Work to be completed: Go from the first line below to the one with "Foto inzerátu Podnájem" and print each line exactly.

[Data excerpts]
---------------
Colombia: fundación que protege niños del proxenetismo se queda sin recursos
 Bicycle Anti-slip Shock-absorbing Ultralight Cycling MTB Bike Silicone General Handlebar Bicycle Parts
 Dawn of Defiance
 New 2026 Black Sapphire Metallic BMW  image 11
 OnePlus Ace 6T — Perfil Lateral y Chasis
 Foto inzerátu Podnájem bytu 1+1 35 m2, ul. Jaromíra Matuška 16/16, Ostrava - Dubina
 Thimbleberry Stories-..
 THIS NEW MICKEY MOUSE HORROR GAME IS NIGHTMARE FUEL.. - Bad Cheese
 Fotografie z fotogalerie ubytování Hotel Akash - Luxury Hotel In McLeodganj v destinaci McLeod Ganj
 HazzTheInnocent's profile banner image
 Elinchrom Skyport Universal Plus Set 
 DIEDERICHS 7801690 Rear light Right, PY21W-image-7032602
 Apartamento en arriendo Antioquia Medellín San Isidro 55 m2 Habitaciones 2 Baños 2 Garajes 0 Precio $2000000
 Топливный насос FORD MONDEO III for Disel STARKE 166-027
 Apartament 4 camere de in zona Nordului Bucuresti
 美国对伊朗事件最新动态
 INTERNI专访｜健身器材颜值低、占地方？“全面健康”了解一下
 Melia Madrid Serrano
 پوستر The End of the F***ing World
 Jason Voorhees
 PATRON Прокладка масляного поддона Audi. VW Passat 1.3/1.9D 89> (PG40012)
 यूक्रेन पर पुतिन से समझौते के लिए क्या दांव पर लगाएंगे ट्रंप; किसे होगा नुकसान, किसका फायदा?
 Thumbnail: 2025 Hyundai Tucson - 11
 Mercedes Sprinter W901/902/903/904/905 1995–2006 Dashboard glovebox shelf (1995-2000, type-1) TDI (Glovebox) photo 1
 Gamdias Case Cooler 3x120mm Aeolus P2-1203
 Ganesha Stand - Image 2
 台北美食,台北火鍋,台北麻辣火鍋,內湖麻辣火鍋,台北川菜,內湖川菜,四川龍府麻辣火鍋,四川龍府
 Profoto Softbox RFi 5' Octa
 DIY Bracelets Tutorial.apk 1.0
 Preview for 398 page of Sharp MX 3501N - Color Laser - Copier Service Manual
---------------
Solution to this exercise:
Colombia: fundación que protege niños del proxenetismo se queda sin recursos
 Bicycle Anti-slip Shock-absorbing Ultralight Cycling MTB Bike Silicone General Handlebar Bicycle Parts
 Dawn of Defiance
 New 2026 Black Sapphire Metallic BMW  image 11
 OnePlus Ace 6T — Perfil Lateral y Chasis
 Foto inzerátu Podnájem bytu 1+1 35 m2, ul. Jaromíra Matuška 16/16, Ostrava - Dubina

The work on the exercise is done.